» Work instruction
Leaving out the images, reproduce every line of the data that follows exactly.

Top of Given material

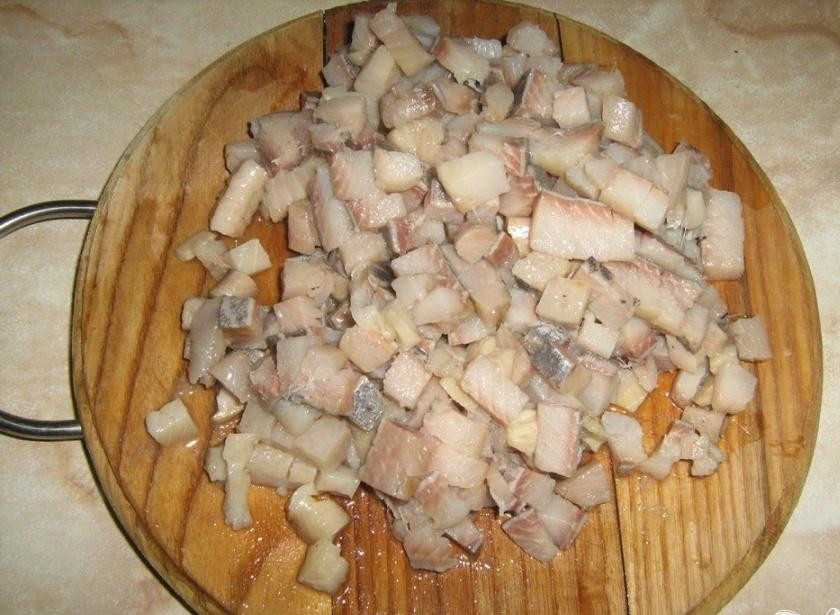 1. Этап. Салат с селедкой и яблоками: Филе слабосоленой сельди нарезать кубиками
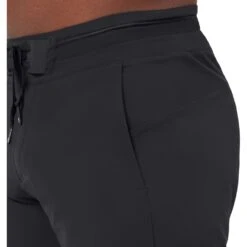 On Running On Hybrid Shorts Men - Black -On Running Store on hybrid shorts black 6 950127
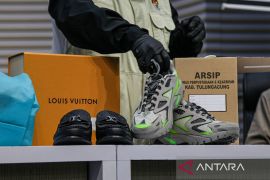 KPK ungkap Bupati Tulungagung Gatut Sunu punya catatan 'utang' setoran OPD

Bottom of Given material

» Your response
 1. Этап. Салат с селедкой и яблоками: Филе слабосоленой сельди нарезать кубиками
 On Running On Hybrid Shorts Men - Black -On Running Store on hybrid shorts black 6 950127
 KPK ungkap Bupati Tulungagung Gatut Sunu punya catatan 'utang' setoran OPD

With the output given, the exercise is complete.